A study reveals that hearing loss is much higher among children with HIV-AIDS, reaching 36% of individuals evaluated
Research evaluates the quality of life for HIV+ children and youth
August 8, 2012
By Fábio de Castro
Agência FAPESP – Hearing loss and suppurative otitis media – an inflammation of the middle ear that can be caused by the use of antiretroviral drugs – occur at high rates among HIV+ children and adolescents, affecting 36% of the individuals evaluated, according to a study conducted by Universidade de São Paulo (USP).
Another study conducted by USP shows that although HIV+ adolescents need to take special care with their diets, they generally have diets similar to adolescents without the disease, consuming high quantities of sugar, saturated fat and sodium while not eating enough whole grains and fruit.
The two studies are part of the “Quality of life and its relation to the lifespan of HIV/Aids children and adolescents” research funded by FAPESP under its Regular-Research Awards and coordinated by professor Maria do Rosário Latorre of USP’s Public Health School (FSP – USP).
The studies on hearing loss and diet were a part of the doctoral thesis of Aline Medreiros da Silva and the master’s dissertation of Luana Tanaka, respectively.
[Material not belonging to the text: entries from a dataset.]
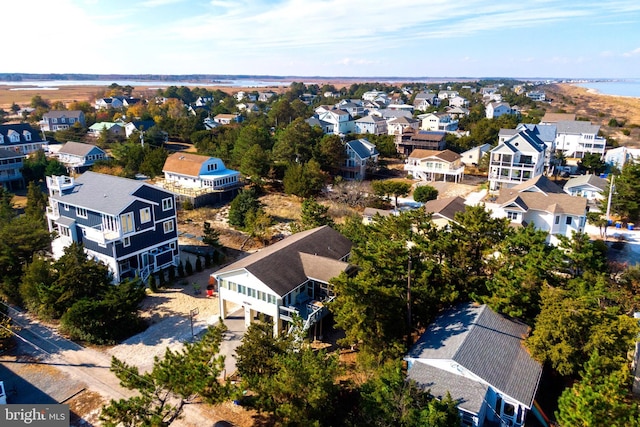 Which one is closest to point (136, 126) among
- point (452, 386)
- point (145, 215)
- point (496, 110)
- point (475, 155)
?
point (145, 215)

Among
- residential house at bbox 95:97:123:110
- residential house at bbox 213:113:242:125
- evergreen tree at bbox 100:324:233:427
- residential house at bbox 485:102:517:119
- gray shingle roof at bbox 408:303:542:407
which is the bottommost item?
gray shingle roof at bbox 408:303:542:407

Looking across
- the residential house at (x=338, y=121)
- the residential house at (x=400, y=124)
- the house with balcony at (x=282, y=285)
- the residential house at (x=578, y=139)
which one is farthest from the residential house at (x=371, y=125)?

Latorre served as the mentor for both projects, which were defended in 2011 at FSP-USP and received FAPESP fellowships. In addition to research, the project generated another doctorate and two ongoing master’s degrees.
According to Latorre, the cohort studies were conducted with HIV+ children served by the Children’s Institute at USP’s Medical School within the Hospital das Clínicas.
“The project has the objective of analyzing the quality of life of HIV+ children and adolescents in relation to health, usage of medicine, presence of lipodystrophy, hearing loss and survival,” Latorre explained in an interview with Agência FAPESP.
Silva, who is a speech therapist, evaluated 106 HIV+ individuals between the ages of 5 and 19 who utilize the services of the Children’s Institute with the objective of estimating the prevalence of hearing loss among patients and identifying the associated factors. In addition to doctoral funding, Silva received fellowships for Scientific Initiation and her master’s.
Two criteria were used to identify hearing loss. The BIAP, an international classification that uses an average of results based on audiometry, is broadly used to diagnose hearing loss. ASHA is a more rigorous criterion that classifies very small changes in hearing loss.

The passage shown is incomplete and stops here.